> Assignment:
Exactly the lines from the one containing "Scrittura visualizzazione testo" through the end of the listing below are required, restated word for word and without pictures.

> Information provided:
========

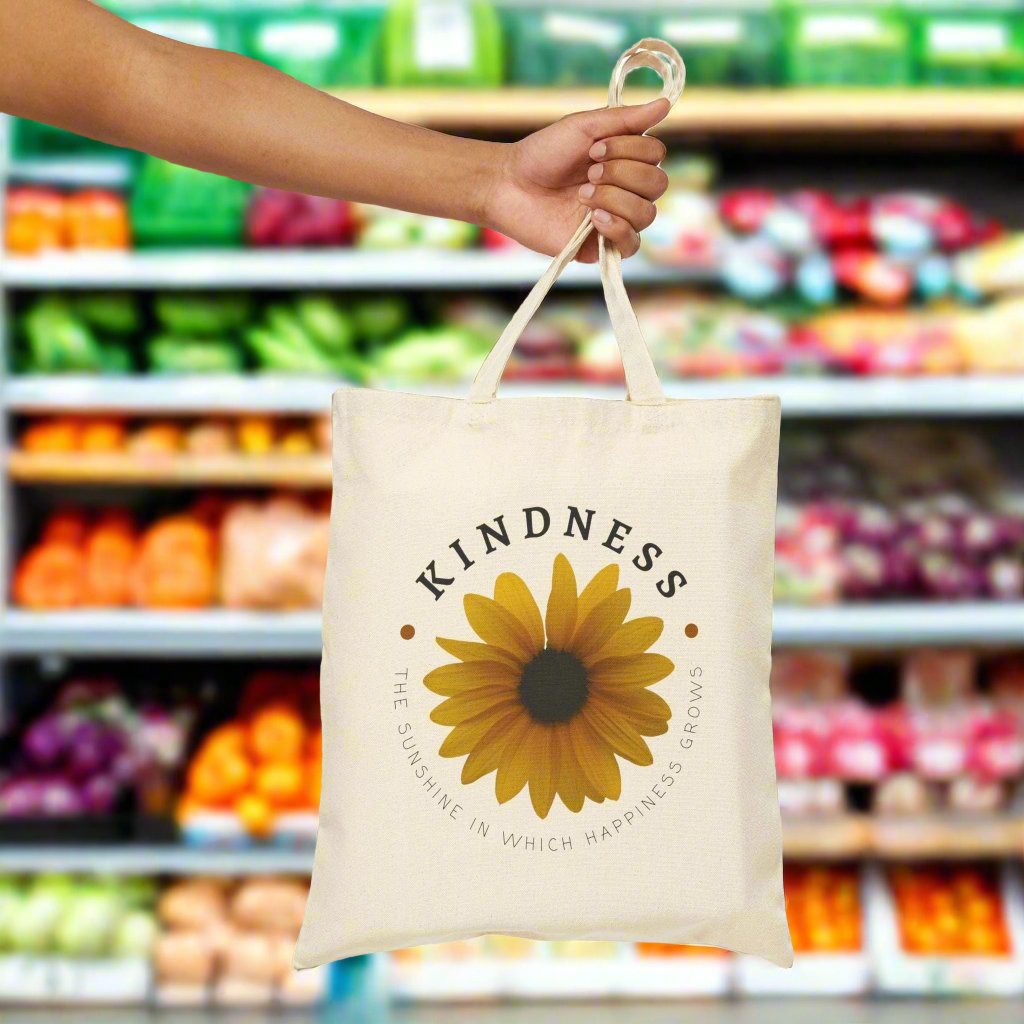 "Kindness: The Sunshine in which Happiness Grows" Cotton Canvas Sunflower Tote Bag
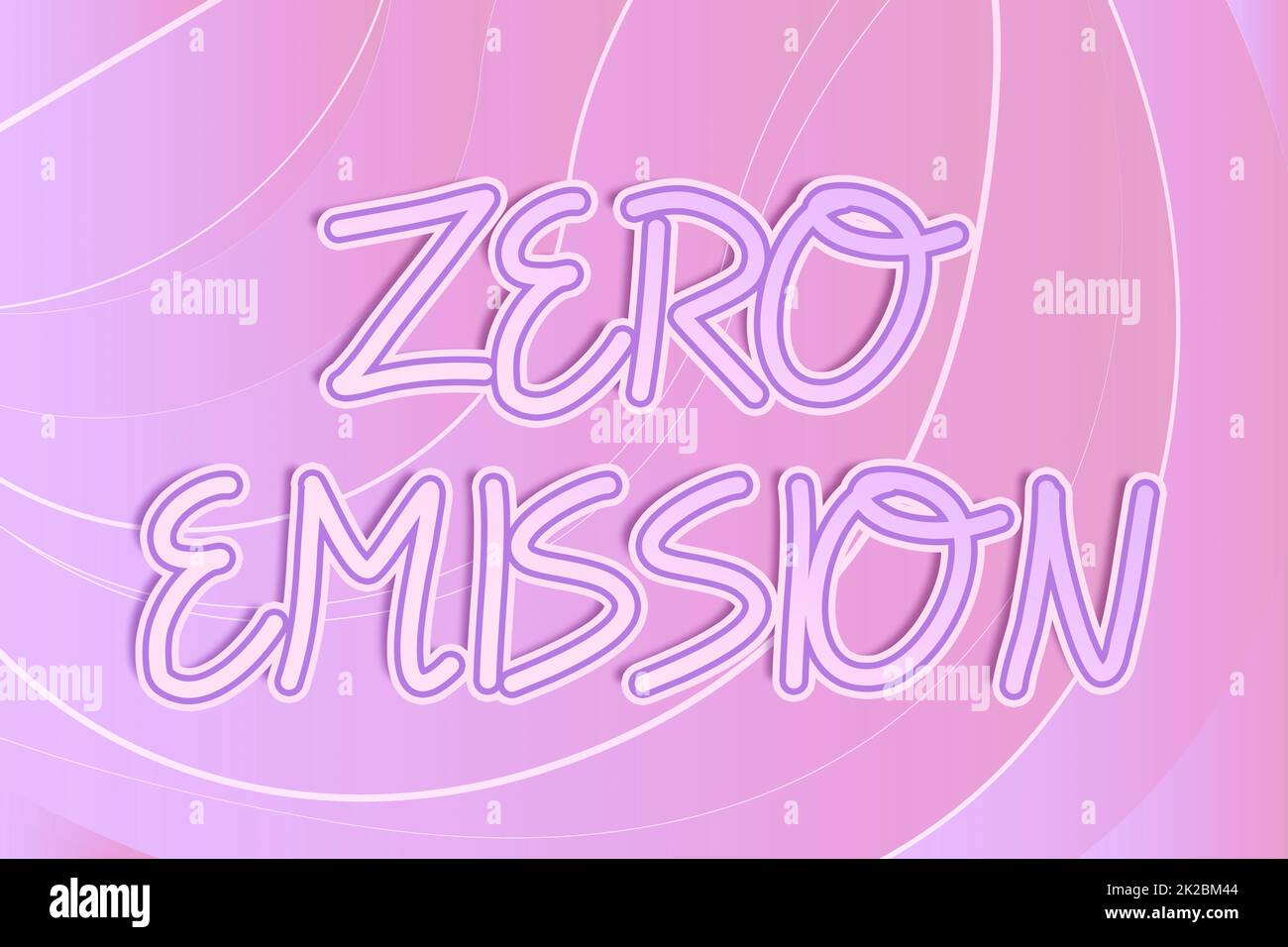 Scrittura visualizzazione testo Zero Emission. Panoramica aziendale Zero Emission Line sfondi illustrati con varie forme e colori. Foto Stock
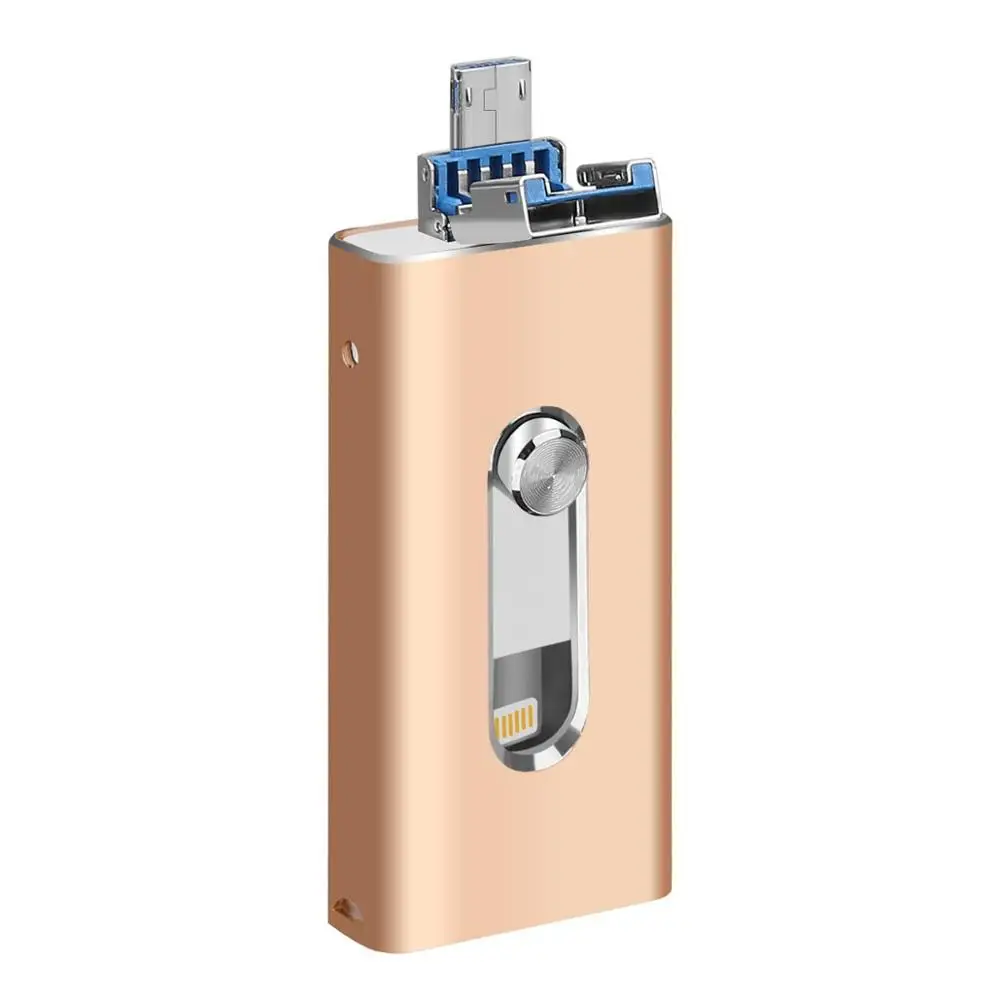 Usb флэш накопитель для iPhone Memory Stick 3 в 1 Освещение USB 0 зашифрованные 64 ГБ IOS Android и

========

> Task output:
 Scrittura visualizzazione testo Zero Emission. Panoramica aziendale Zero Emission Line sfondi illustrati con varie forme e colori. Foto Stock
 Usb флэш накопитель для iPhone Memory Stick 3 в 1 Освещение USB 0 зашифрованные 64 ГБ IOS Android и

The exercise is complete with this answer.